Search code examples
pythonxmlsqliteminidom

xml missing element in python


System uses dom parser in python 2.7.2. The goal is to extract the .db file and use it on sql server.I currently have no problem with sqlite3 library. I have read the similar questions/answers about how to handle a missing element while parsing xml files.But still I couldn't figure out the solution. xml has 15000+ elements. here is the basic code from xml:

<topo>
   <vlancard>
      <id>4545</id>
      <nodeValue>21</nodeValue>
      <vlanName>voice</vlanName>
   </vlancard>
   <vlancard>
      <id>1234</id>
      <nodeValue>42</nodeValue>
      <vlanName>camera</vlanName>
   </vlancard>
   <vlancard>
      <id>9876</id>
      <nodeValue>84</nodeValue>
   </vlancard>
</topo>

Like the 3rd element, several elements do not have the node. That causes inconsistency on element numbers. i.e.

from xml.dom import minidom
xmldoc = minidom.parse('c:\vlan.xml')
vlId = xmldoc.getElementsByTagName('id')
vlValue = xmldoc.getElementsByTagName('nodeValue')
vlName = xmldoc.getElementsByTagName('vlanName')

after running the module:

IndexError: list index out of range
>>> len(id)
16163
>>> len(vlanName)
16155

Because of this problem , problem occurs for ordering the elements. while printing the table , parser passes the missing elements and element orders are mixed up.
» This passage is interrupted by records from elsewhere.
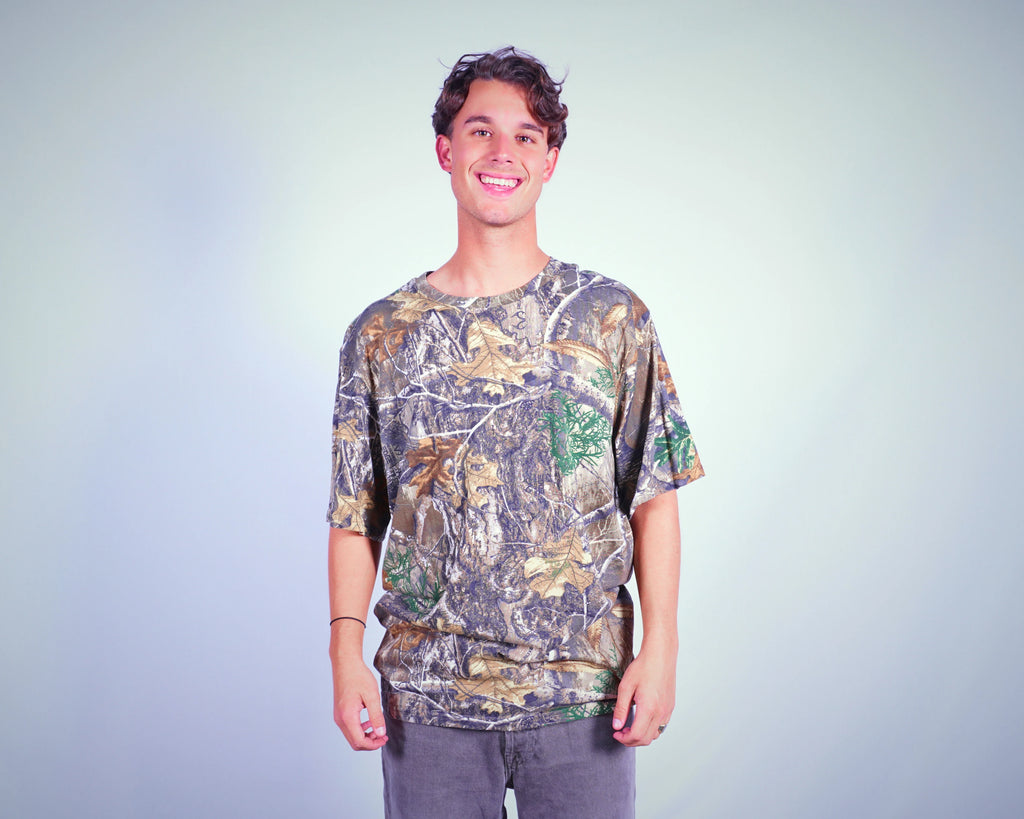 Real Tree Camo T-shirt L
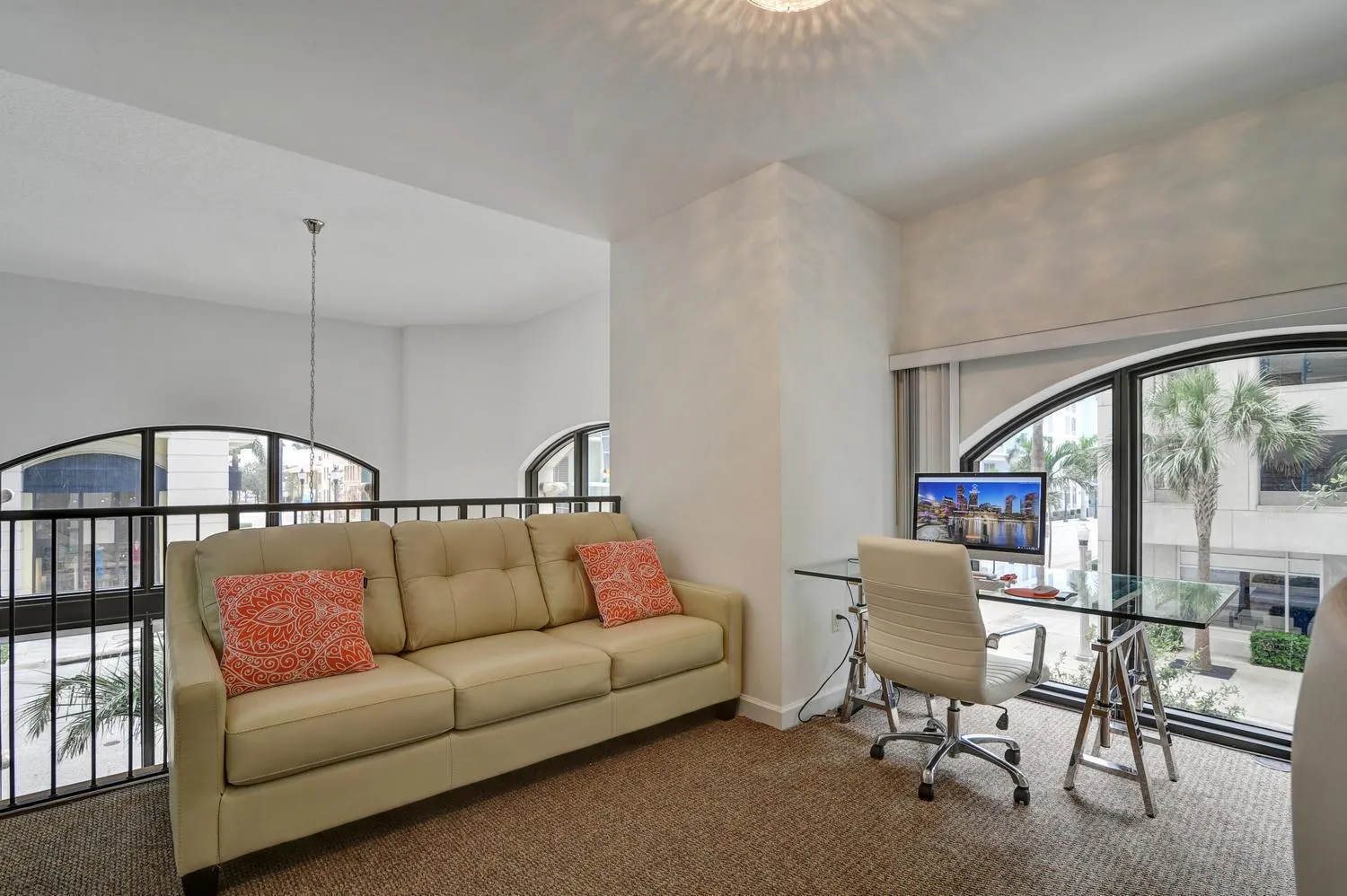 801 S Olive Avenue, #118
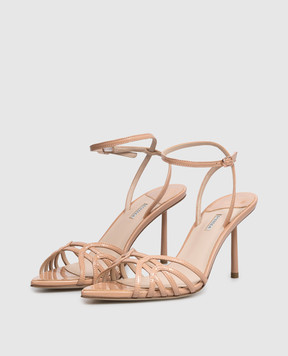 Le Silla Бежевые кожаные лакированные босоножки BELLA 6642A080L3PPGSL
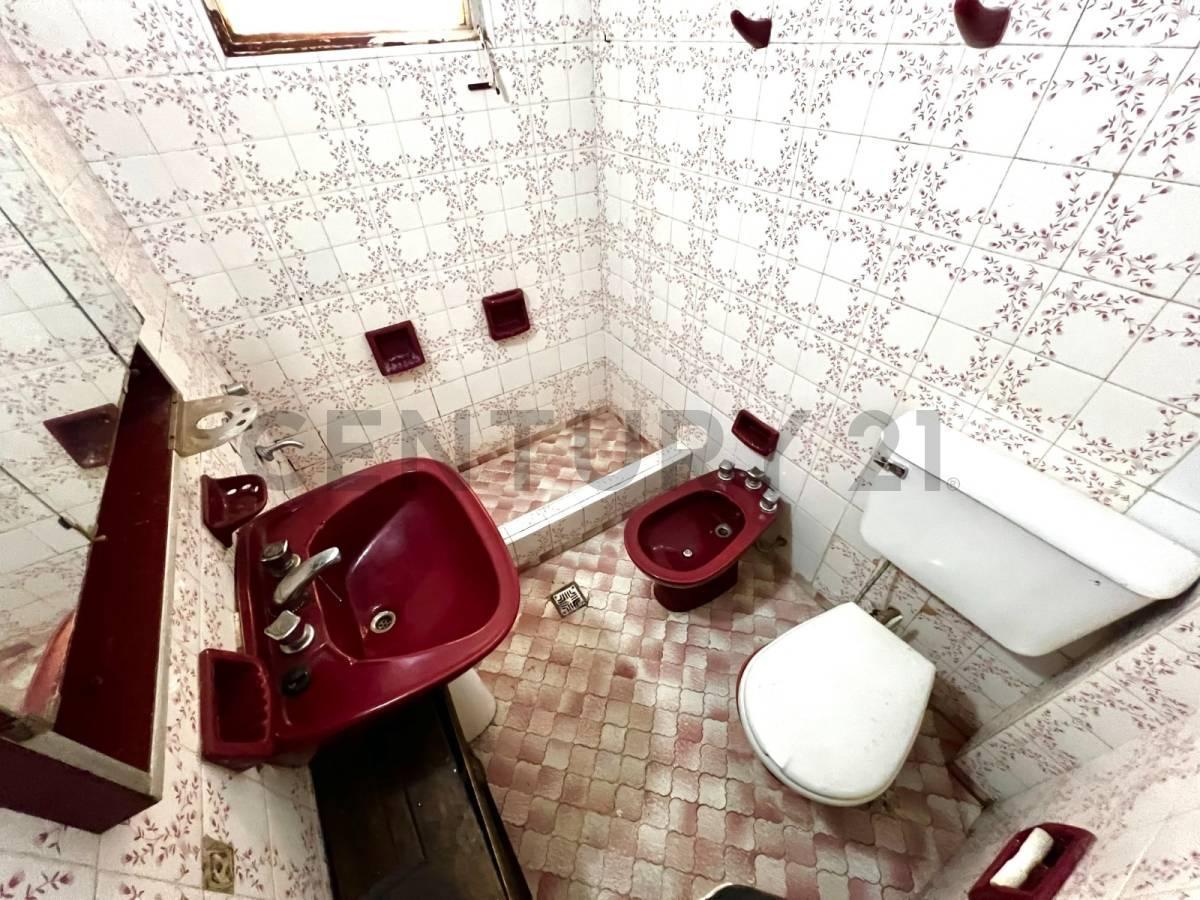 Foto de VENTA PH TIPO CASA 3 AMBIENTES MORON GRAN PATIO TERRAZA LUMINOSO APTA, imagen 3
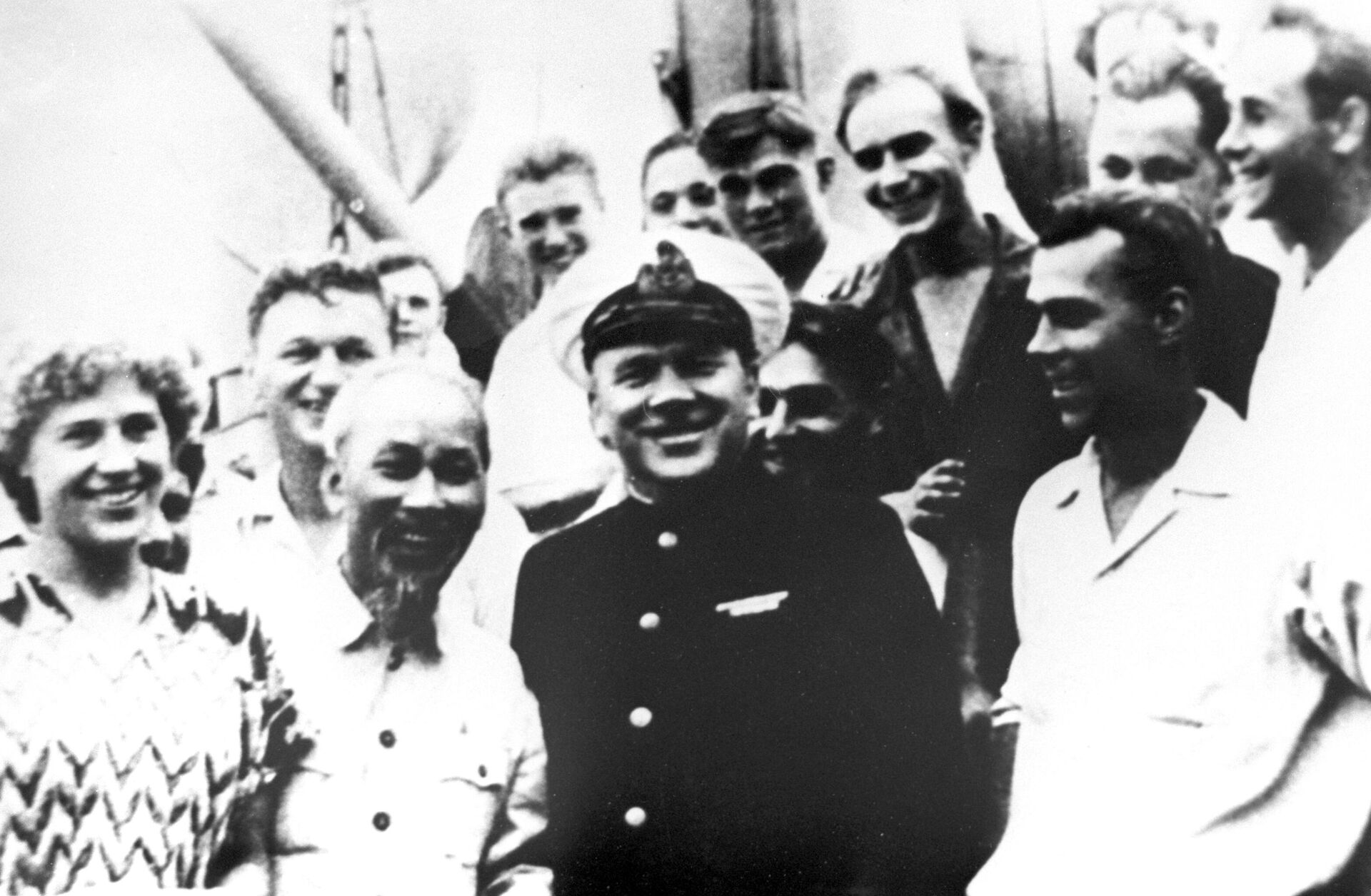 Lãnh tụ cộng sản Việt Nam Hồ Chí Minh (thứ hai từ trái sang) đứng giữa các thủy thủ Liên Xô ở Vladivostok - Sputnik Việt Nam, 1920, 15.06.2023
I use a simple while loop to insert the values into the table.

x=0
while x < (len(vlId)):
    c.execute('''insert into vlan ('id','nodeValue','vlanName') values ('%s','%s','%s') ''' %(id[x].firstChild.nodeValue, nodeValue[x].firstChild.nodeValue, vlanName[x].firstChild.nodeValue))
    x= x+1

How else can I do this? Any help will be appreciated.

Yusuf


Solution

  • Instead of parsing the entire xml and then inserting, parse each vlancard the retrieve it's id/value/name and then insert them into the DB.